If you create a semantic graph for cyber threats, it will be able to discover which attack vectors your organization is exposed to. So what exactly is machine reasoning and what challenges will you have to crack to make it work?
One common mistake is using machine learning and artificial intelligence as synonyms. In fact, machine learning is just one method under the umbrella of artificial intelligence. Another method accepted in the world of AI is machine reasoning.
While machine learning is based on the statistical identification of hidden patterns within a large amount of data, machine reasoning is based on using facts and drawing conclusions from those facts. That is, machine learning is based on the analysis of many examples (preferably categorized) of the phenomenon you want to learn, and the machine independently builds a model that allows automatic classification of new examples. In machine reasoning, the system receives the semantic model and reasoning methods externally, and then the machine draws conclusions about new examples. Another difference between the two methods is that machine learning deals with pattern recognition, compared to machine reasoning which deals with understanding relationships and drawing conclusions from facts.
Machine reasoning uses concepts and ideas coded as symbols, and then drawing logical conclusions to try to resemble common sense.
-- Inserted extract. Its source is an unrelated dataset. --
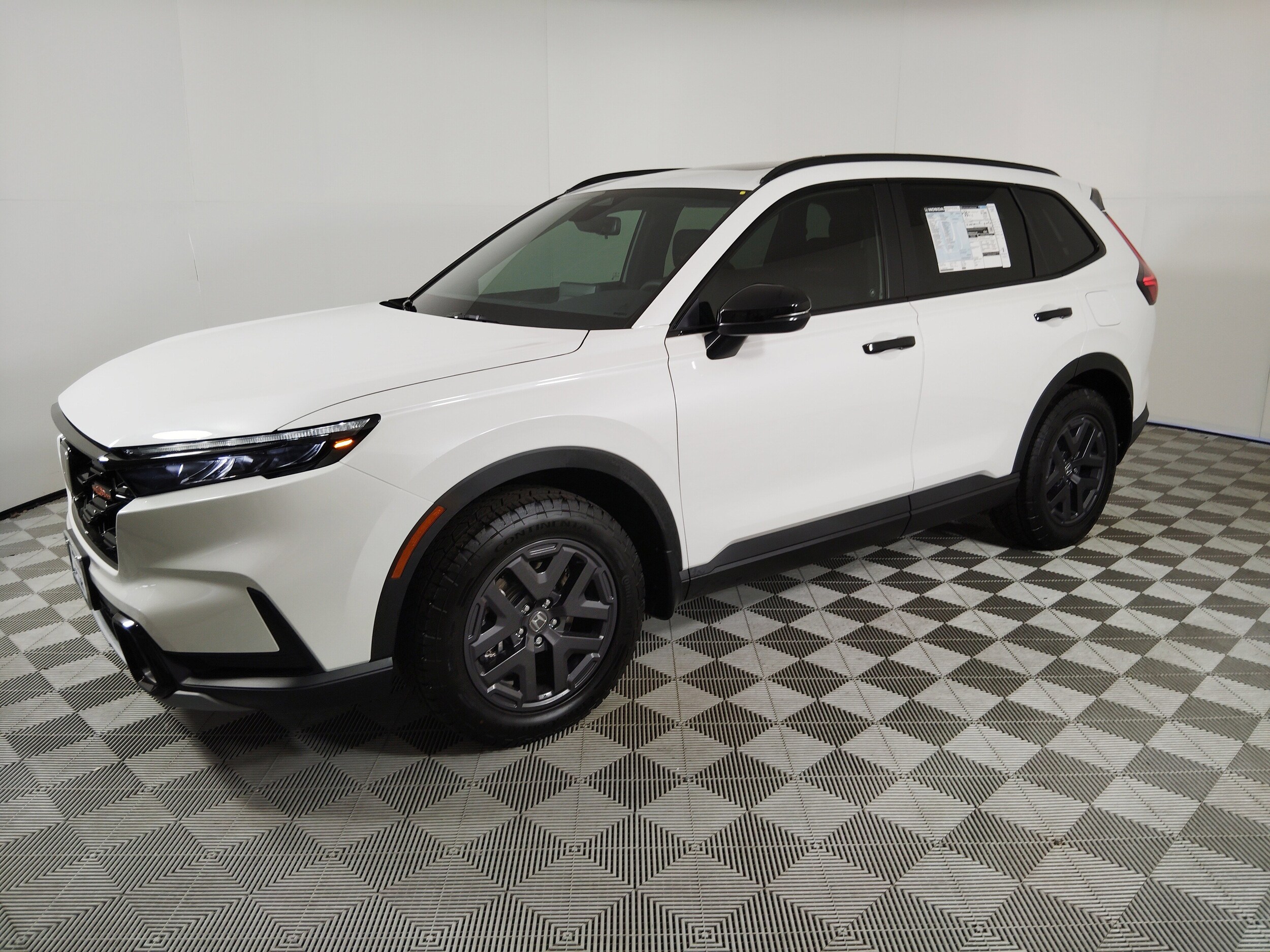 2026 Honda CR-V Hybrid photo 4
Reasoning systems represent data by semantic knowledge graphs that allow the machine to understand the meaning of the data through the semantics encoded in the graph, and to draw conclusions about that data by analyzing the graph of concepts and projecting them onto the new data.
The standard method for representing a semantic graph is RDF (Resource Description Framework) – a directed graph described as triplets. A triplet in an RDF graph has three components:
- Node for the subject
- An arc with the predicate linking the subject to the object
- Node for the object
Let’s take for example the concept of a user account. Intuitively, each of us understands what a user account is, but the computer has no intuition, so the concepts and the relationship between them need to be explained down to the smallest details, so that it can draw conclusions.
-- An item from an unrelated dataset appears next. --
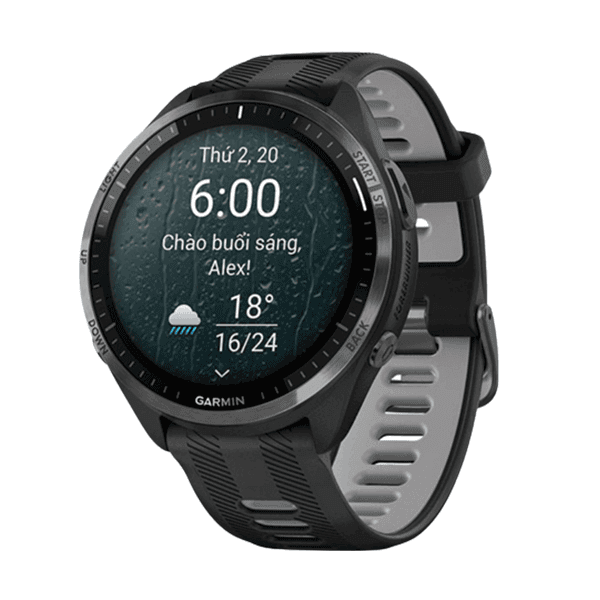 Đồng hồ thông minh Garmin Forerunner 965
This simple and flexible data model has a lot of expressive power. It can represent complex situations, relationships and other interesting things, while also being abstract. RDF is considered one of the fundamental technologies of the Semantic Web; Reasoning systems excel in the ability to explain the “thought” process that led to the conclusion (explainability) – an ability that is lacking in most machine learning systems. Semantic graph technologies also make it possible to combine different types, formats and sources of information into a common language and to achieve semantic and logical action capability on the integrated information.
Figure 1: A simple semantic graph describing basic concepts from the IT relevant to attackers
Teach an AI model to behave like an attacker
Semantic graphs also have great value in the cyber world, where a semantic graph for cyber threats can be produced by using information and concepts found in standard information sources, such as MITRE ATT&CK and NVD CVE. Attack techniques can be analyzed to define the “requirements” of the attackers: if you combine a semantic graph of cyber threats with a graph describing features of an organization’s IT systems, the reasoning system can deduce what information is needed to enable the technique and build a “virtual attacker” that can explain how, in principle, to attack an organization. This is of course in order to better protect the organization.
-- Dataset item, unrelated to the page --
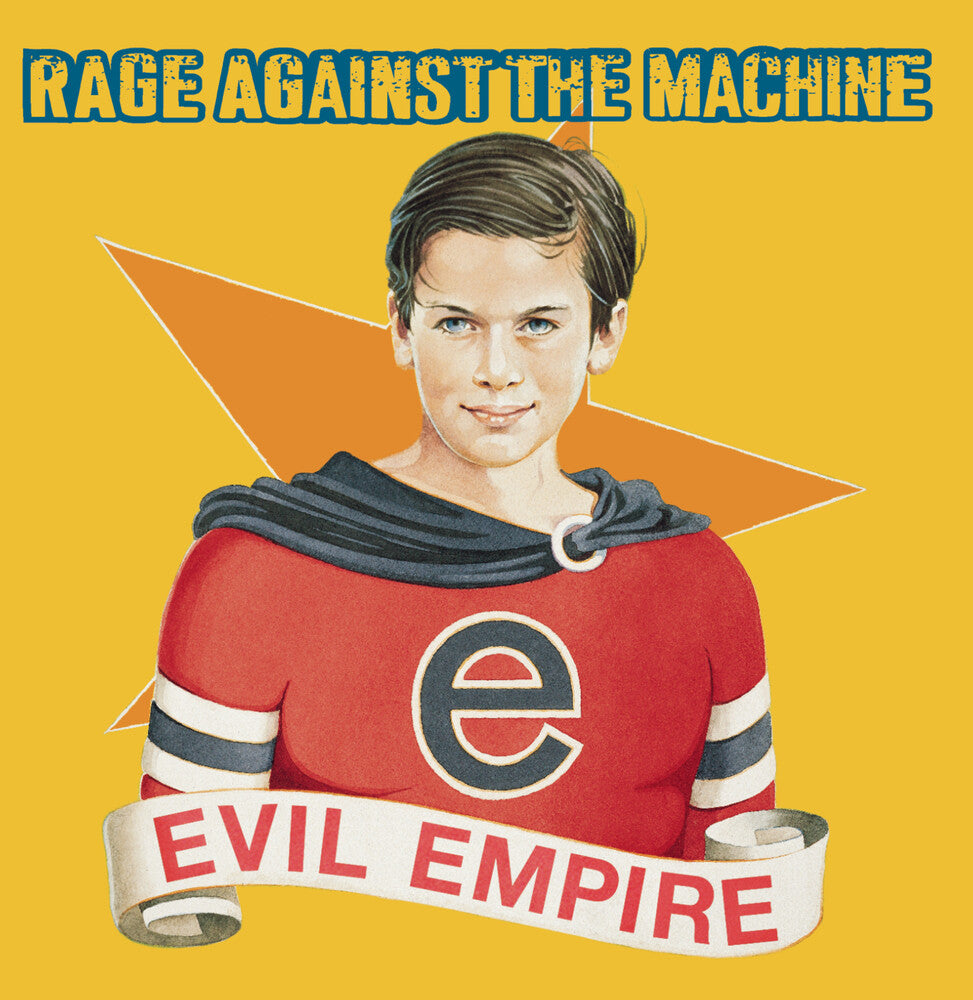 Rage Against The Machine – Evil Empire (CD)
Once there is an accurate description of the IT systems of an organization, the connectivity between the systems and the description of the system’s identity and access information, the reasoning system can build specific attack scenarios for that organization – just as a real attacker would do. If we also add to the system semantic information about defenses (mitigations) as they are defined by MITRE D3f3nd, the system can suggest ways to reduce the risks from those attacks. For example, if there is an attack on a certain port, it can be concluded whether it will affect the organization, and if so, which systems it will affect.
For these reasons, machine reasoning is particularly suitable as a system for assessing an attacker’s ability to succeed in attacking the organization, without carrying out the attack. It also enables the assessment of organizational resilience to prevent cyber-attacks.
So How Does the Virtual Attacker work?
The system finds which attack methods are relevant to that organization by checking the prerequisites for attack techniques and calculates which of them are most relevant to the organization. The more accurate information there is about the organization, the more relevant the answer will be and you can find out which attack techniques the organization is sensitive to.
For example, a basic prerequisite for an SQL injection attack is that the system must include an SQL database. Another example is that a condition that must be met in attacks against passwords (brute force) is the use of weak passwords that can be cracked. Many MITRE ATT&CK TTPs may be irrelevant due to missing organizational prerequisites.
There are three major challenges in building a virtual attacker. The first is the precise semantic analysis of attack techniques, such as those described in MITRE ATT&CK, which are described for human understanding and not suitable for reasoning systems. The solution is relatively simple to understand but difficult to implement: the techniques need to be rewritten precisely with consistent and precise basic concepts (that is, an appropriate semantic model) – and only then can a reasoning system be built.
Taking for example MITRE ATT&CK technique T1210, “Exploitation of Remote Services”, one of the accepted methods is to use a CVE that allows a remote service to be invoked. Therefore, it is necessary to enter into the reasoning system the ways to check the existence of the CVE on a system (SCAP can help) and to classify the vulnerabilities according to the ability to enable the activation of a remote service. For example, a prerequisite for finding a CVE is the ability to connect to that computer via the network – that is, having physical and logical connectivity that allows the vulnerability to be activated. These two facts are a start that enables reasoning regarding the use of the T1210 technique – “Find a system with the vulnerability that has connectivity that allows the exploitation of the CVE”.
The second challenge is to create a language (ontology) that connects concepts from different attack domains – such as permissions, vulnerabilities and configurations – and to create the semantic graph. There are some detailed ontologies that explain the relationship between various cyber concepts such as the UCO of the University of Maryland or MITRE D3F3ND.
Figure 2: An example of a simple semantic graph connecting IT concepts to attack concepts
The third challenge is collecting relevant information from the organization’s systems. This can be done by interfacing with existing systems and translating the information into the common language or by a dedicated scanner.
Once the system has gathered all the information, it can simulate of millions of cyber attacks to determine specific attack scenarios against the organization, and calculate the risk from these attacks. The goal is to determine courses of action to mitigate attack scenarios, reduce risk and build cyber resilience.
Reasoning systems, along with machine learning systems, will have an increasing use in cyber defense – especially in the world of risk analysis and management. As in any development in the cyber world, here too the concern is that these systems will also be in the hands of the attacker.